With pictures excluded, copy word for word the lines in the data below from the line containing "Толстовка-худи мужская Lexus" through the line containing "Giochi in legno".

(SUPPLIED DATA):
····················

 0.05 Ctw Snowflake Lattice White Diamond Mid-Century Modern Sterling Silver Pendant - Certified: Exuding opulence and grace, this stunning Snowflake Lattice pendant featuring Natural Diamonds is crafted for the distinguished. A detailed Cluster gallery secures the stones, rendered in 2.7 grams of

····················

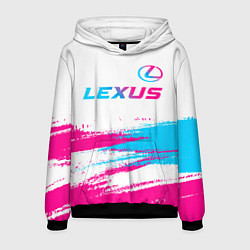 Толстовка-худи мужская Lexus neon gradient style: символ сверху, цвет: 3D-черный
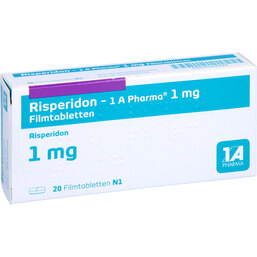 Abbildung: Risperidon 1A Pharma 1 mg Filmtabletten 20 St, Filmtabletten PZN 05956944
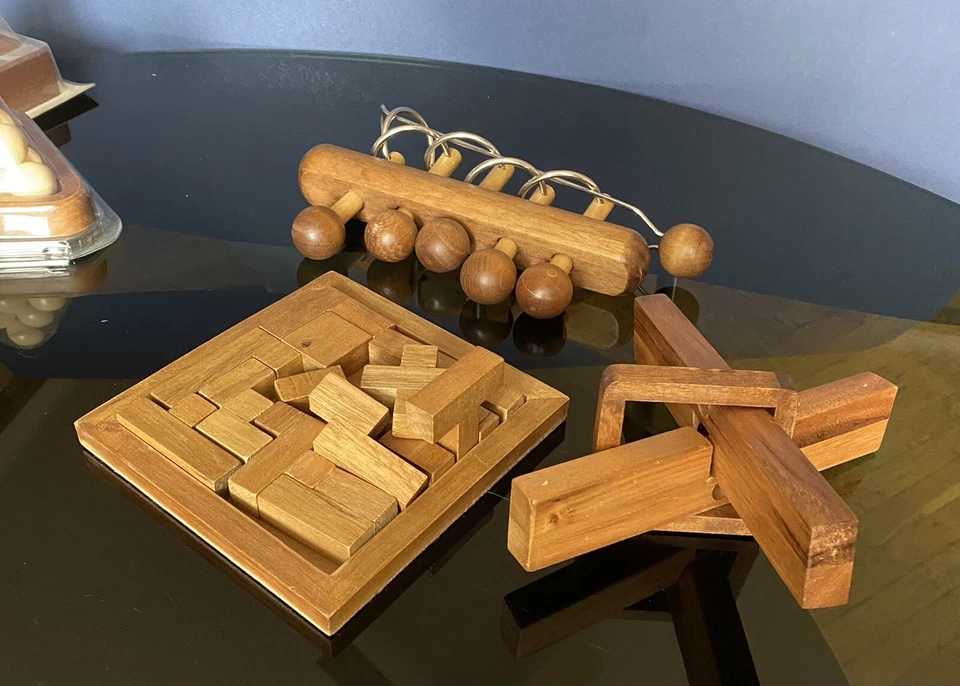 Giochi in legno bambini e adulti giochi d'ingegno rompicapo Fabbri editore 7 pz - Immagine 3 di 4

····················

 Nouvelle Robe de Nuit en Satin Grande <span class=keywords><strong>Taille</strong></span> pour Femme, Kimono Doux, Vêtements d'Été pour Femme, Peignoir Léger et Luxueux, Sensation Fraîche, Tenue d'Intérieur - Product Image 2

····················

(EXPECTED ANSWER):
 Толстовка-худи мужская Lexus neon gradient style: символ сверху, цвет: 3D-черный
 Abbildung: Risperidon 1A Pharma 1 mg Filmtabletten 20 St, Filmtabletten PZN 05956944
 Giochi in legno bambini e adulti giochi d'ingegno rompicapo Fabbri editore 7 pz - Immagine 3 di 4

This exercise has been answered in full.